• [Data excerpt]:
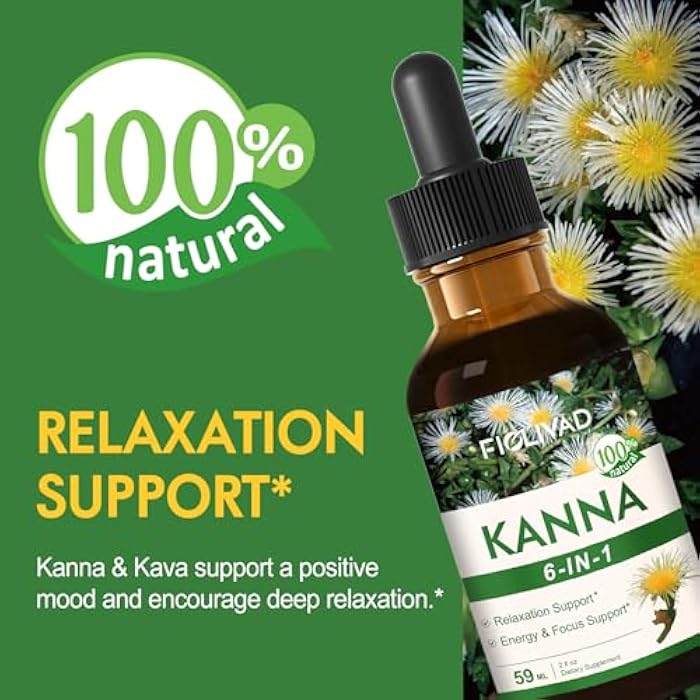 FIOLIVAD قطرات سائل مستخلص كانا، صبغة كانا لدعم الاسترخاء، دعم الطاقة والتركيز، مكملات عشبية طبيعية مع بلسم الليمون، الريحان المقدس، الأشواغاندا. 2 أونصة - Image 2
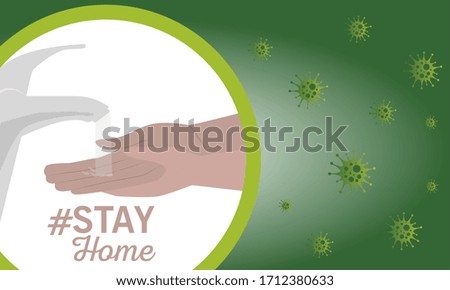 Stay at home poster. Hand washing icon - Vector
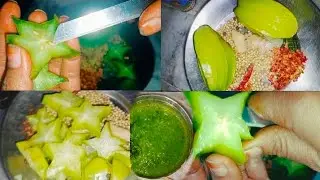 🌟 Star fruit की recipe 😋  (@priyankaabhiyoutuber..6470) #food #village #lifestyle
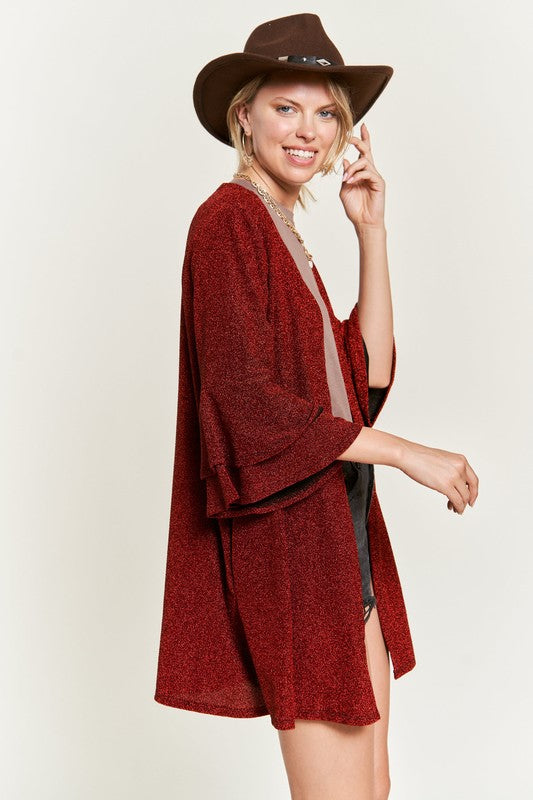 Women's Glitter Bell Sleeve Open Front Kimono Cardigan | Zarnesh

• [Exercise goal]:
This task asks for the data above repeated exactly, without a single picture.

• [Answer to the exercise]:
 FIOLIVAD قطرات سائل مستخلص كانا، صبغة كانا لدعم الاسترخاء، دعم الطاقة والتركيز، مكملات عشبية طبيعية مع بلسم الليمون، الريحان المقدس، الأشواغاندا. 2 أونصة - Image 2
 Stay at home poster. Hand washing icon - Vector
 🌟 Star fruit की recipe 😋  (@priyankaabhiyoutuber..6470) #food #village #lifestyle
 Women's Glitter Bell Sleeve Open Front Kimono Cardigan | Zarnesh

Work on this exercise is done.